▶ [Task directions]
Please print, exactly, only the lines in the entries below from the line that has "iPhoneSE3 񐢑 OP[X" through the line that has "Spot! The Professional". Pictures don't go in.

▶ [Supplied records]
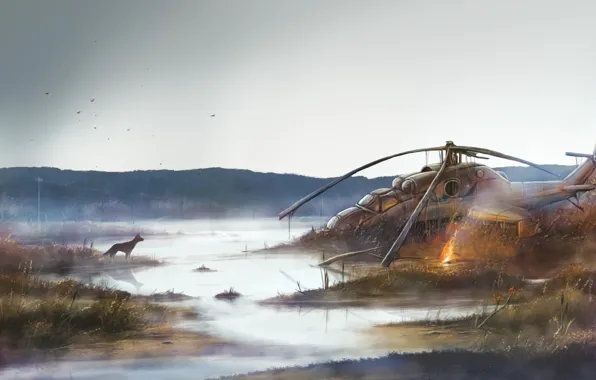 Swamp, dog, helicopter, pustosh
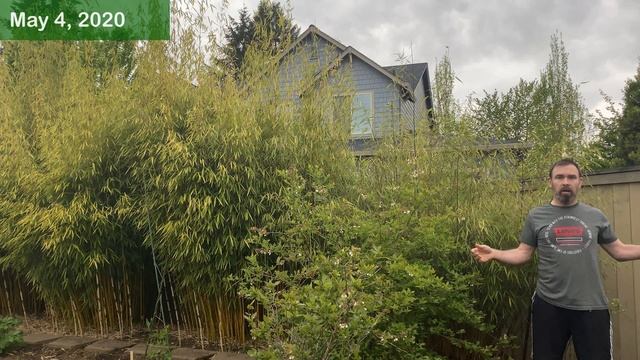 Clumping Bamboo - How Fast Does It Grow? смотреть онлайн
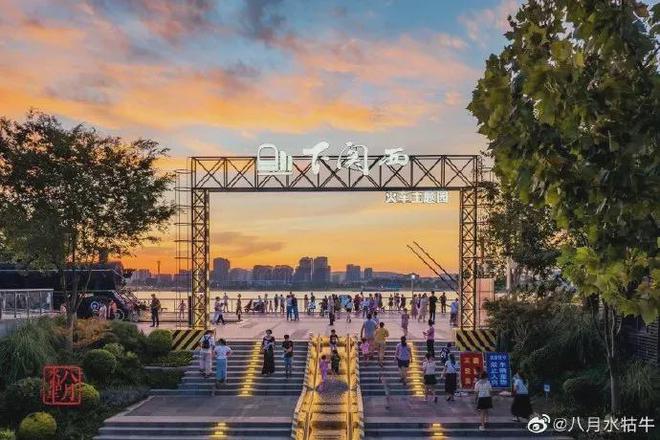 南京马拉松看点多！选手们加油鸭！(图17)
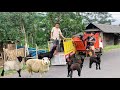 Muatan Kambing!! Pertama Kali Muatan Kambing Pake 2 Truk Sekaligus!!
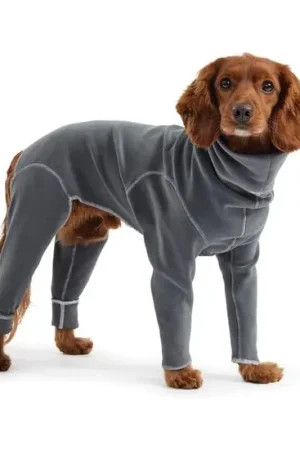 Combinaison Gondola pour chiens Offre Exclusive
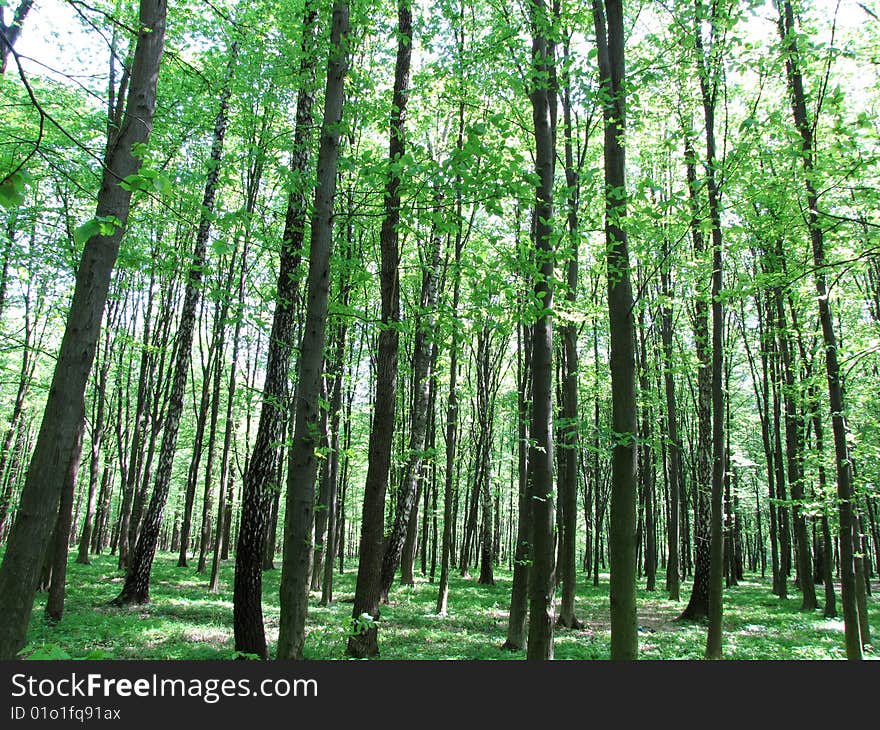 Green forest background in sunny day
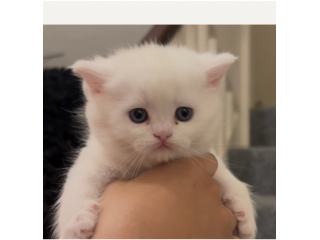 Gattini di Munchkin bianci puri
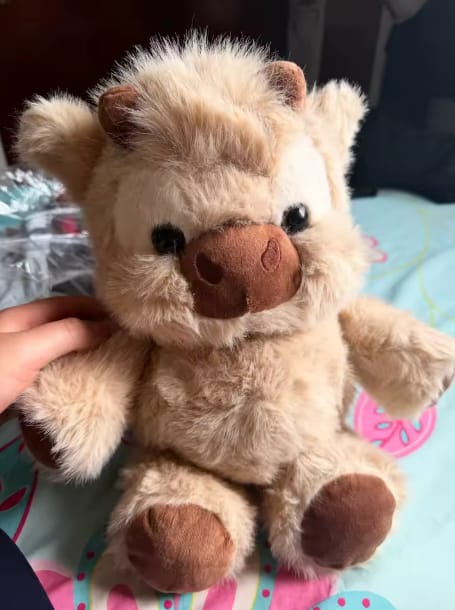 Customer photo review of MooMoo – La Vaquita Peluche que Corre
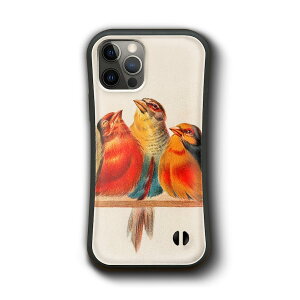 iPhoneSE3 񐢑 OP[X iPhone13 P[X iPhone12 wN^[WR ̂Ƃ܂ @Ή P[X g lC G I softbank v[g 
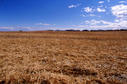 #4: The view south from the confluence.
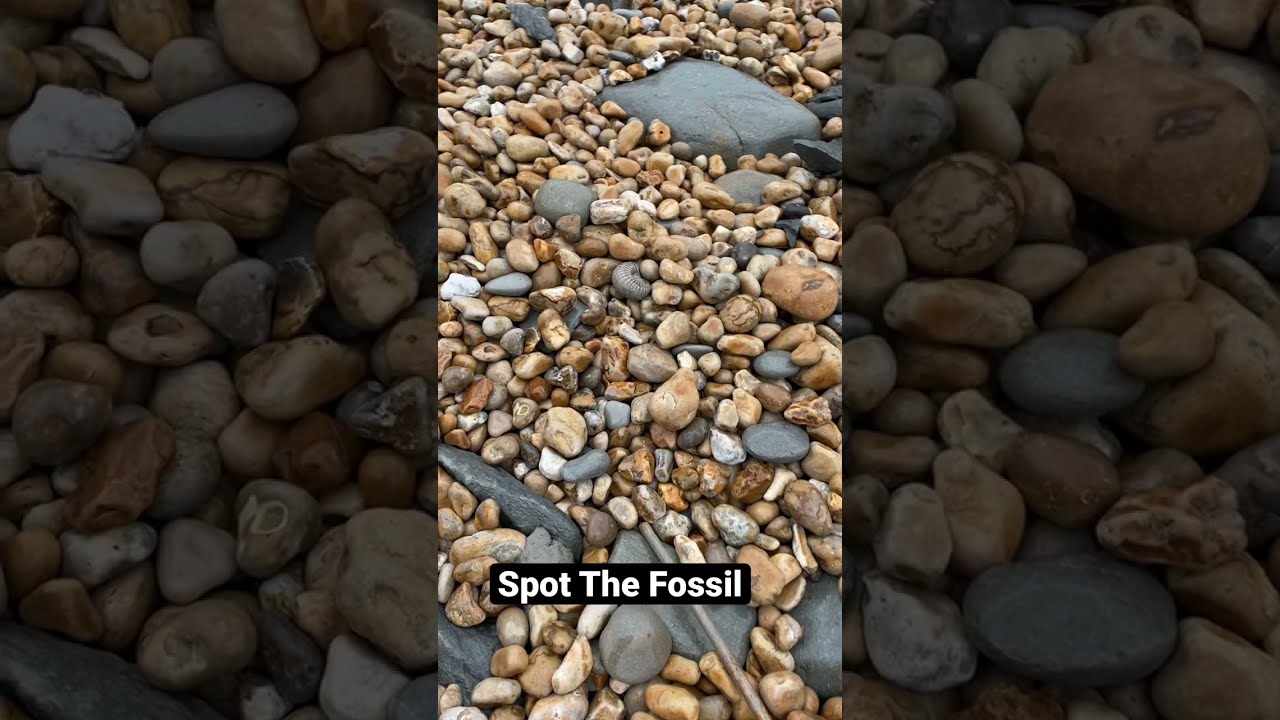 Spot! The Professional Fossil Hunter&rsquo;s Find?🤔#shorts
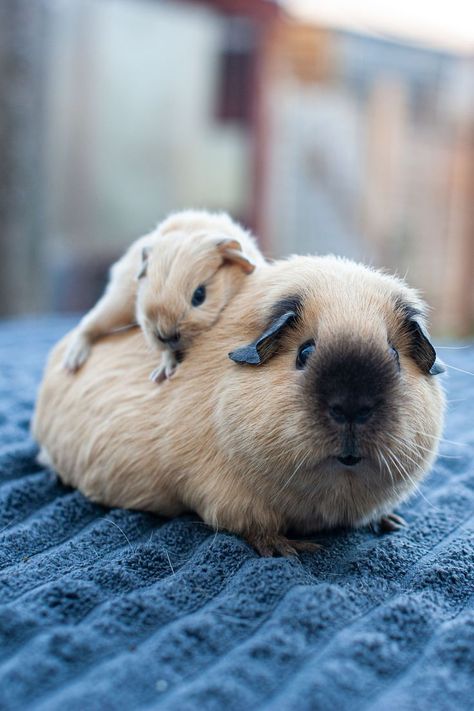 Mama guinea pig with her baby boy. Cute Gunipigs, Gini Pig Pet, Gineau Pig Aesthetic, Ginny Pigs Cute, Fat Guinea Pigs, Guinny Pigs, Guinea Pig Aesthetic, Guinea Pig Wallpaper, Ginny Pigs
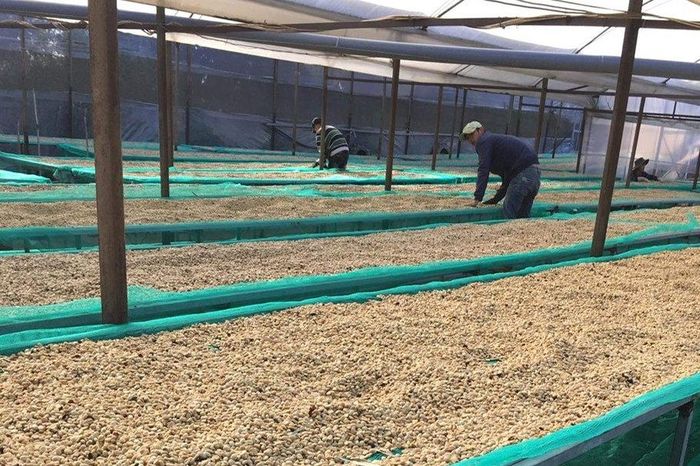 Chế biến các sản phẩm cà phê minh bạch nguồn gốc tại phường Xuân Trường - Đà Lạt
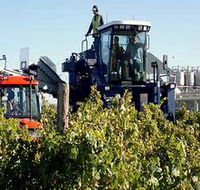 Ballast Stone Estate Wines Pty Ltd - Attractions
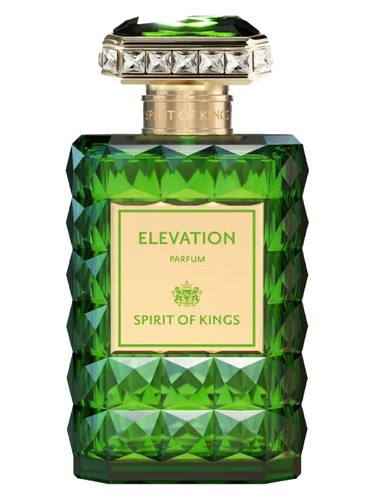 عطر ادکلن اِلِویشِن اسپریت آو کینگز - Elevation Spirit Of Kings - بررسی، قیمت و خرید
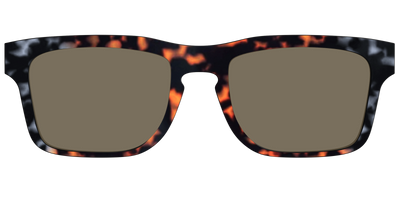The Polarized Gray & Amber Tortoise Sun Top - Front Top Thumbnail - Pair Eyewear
--
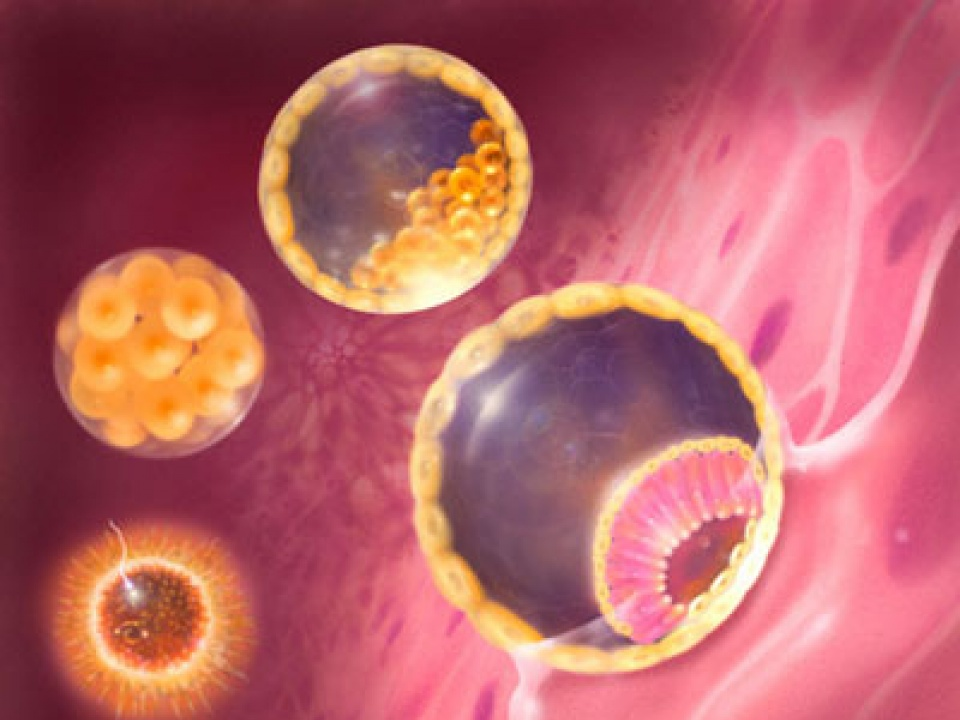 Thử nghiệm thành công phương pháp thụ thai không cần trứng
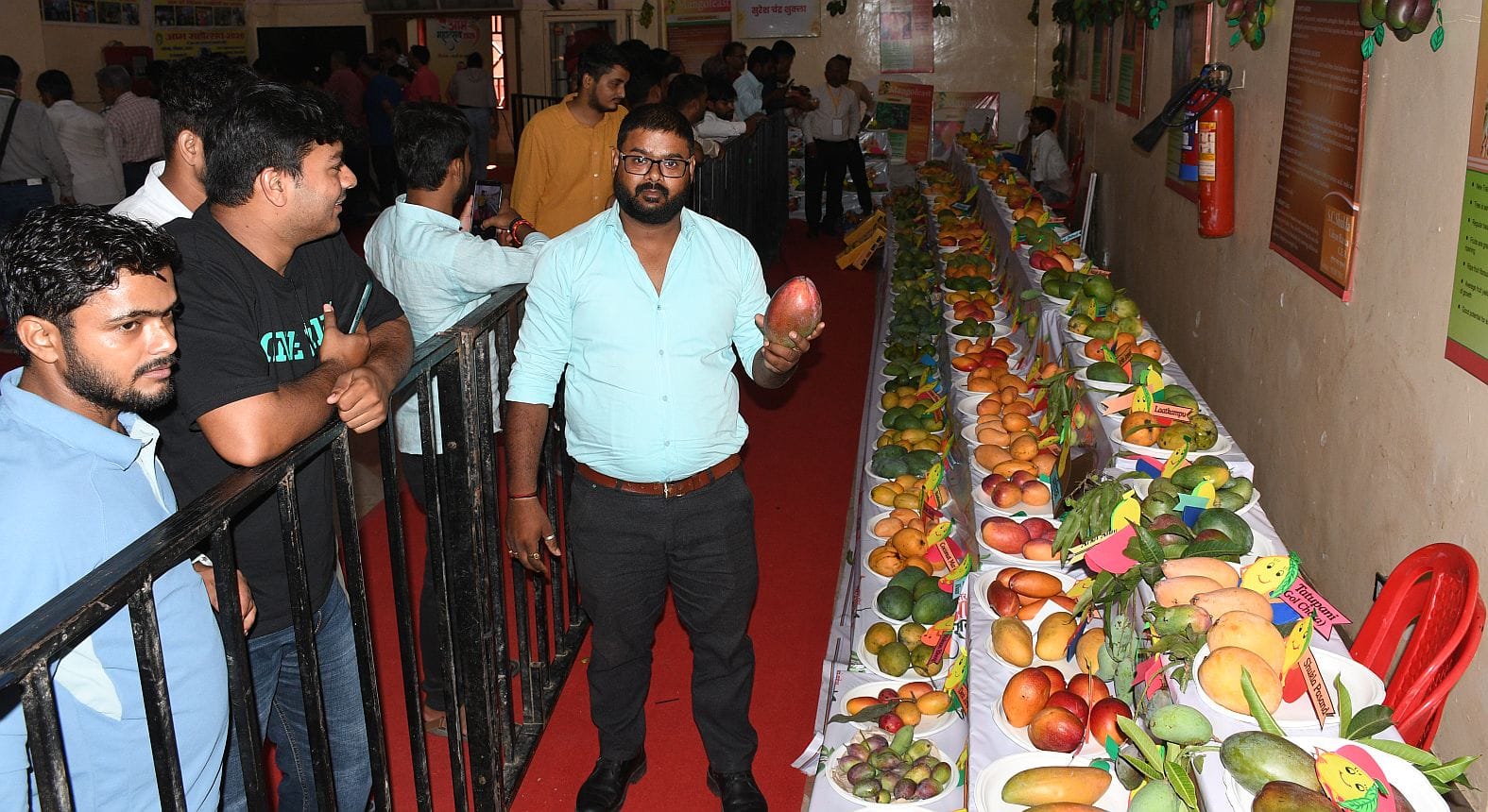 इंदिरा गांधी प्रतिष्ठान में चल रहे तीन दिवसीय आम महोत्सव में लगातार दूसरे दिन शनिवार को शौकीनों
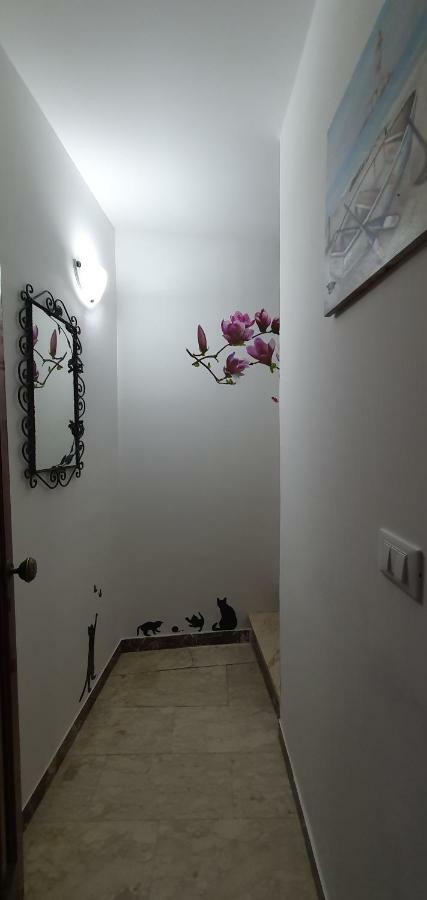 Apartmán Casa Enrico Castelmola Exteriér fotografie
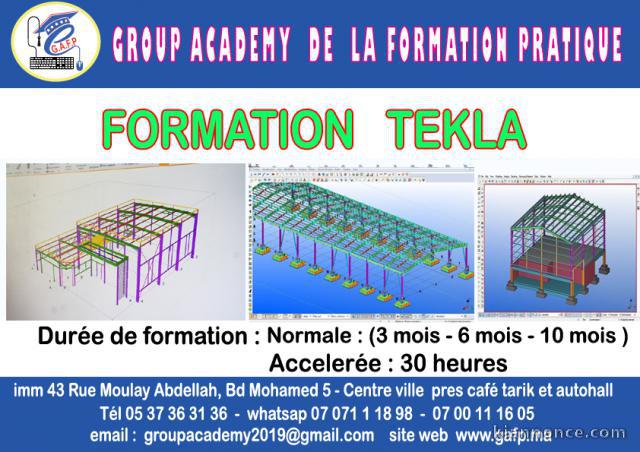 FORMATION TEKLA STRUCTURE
---
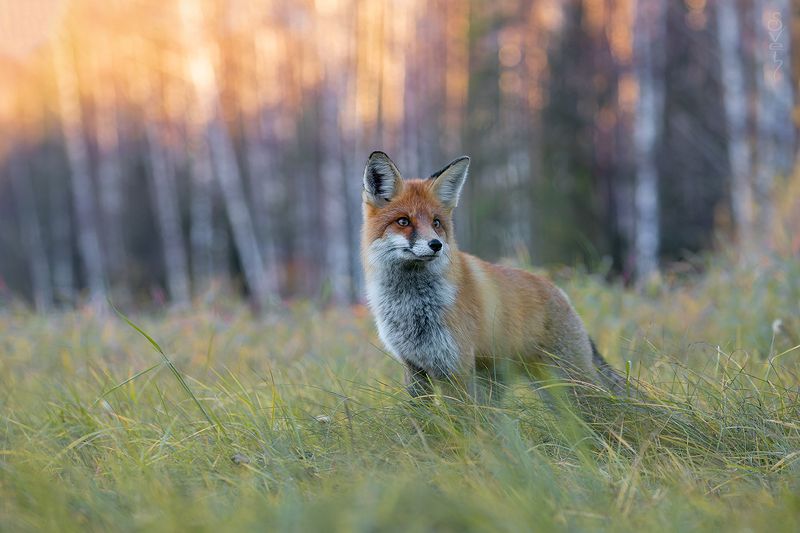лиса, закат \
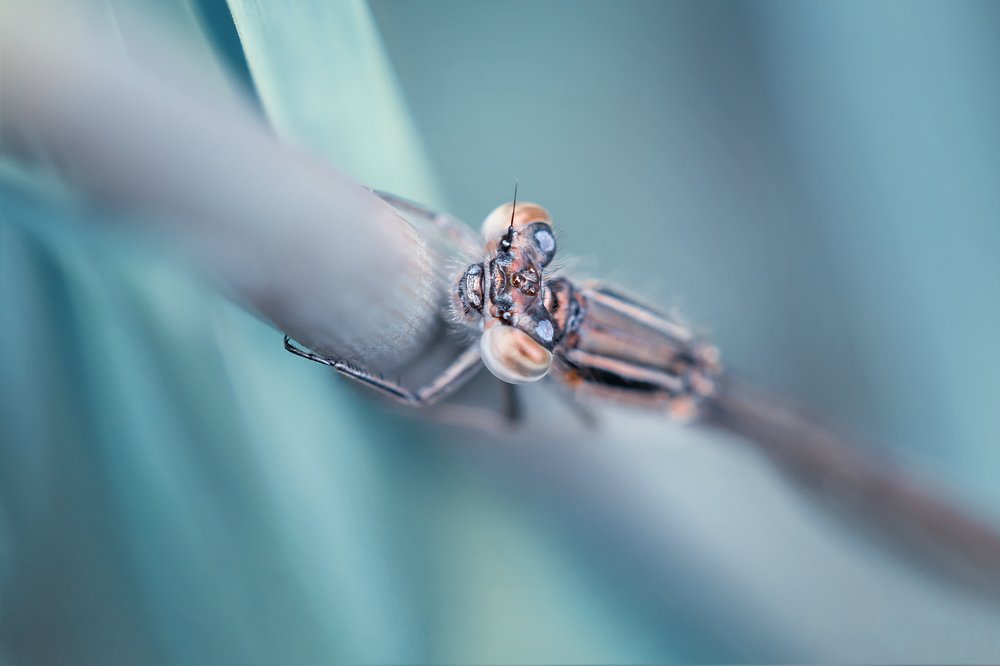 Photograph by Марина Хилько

▶ [Your solution]
 iPhoneSE3 񐢑 OP[X iPhone13 P[X iPhone12 wN^[WR ̂Ƃ܂ @Ή P[X g lC G I softbank v[g 
 #4: The view south from the confluence.
 Spot! The Professional Fossil Hunter&rsquo;s Find?🤔#shorts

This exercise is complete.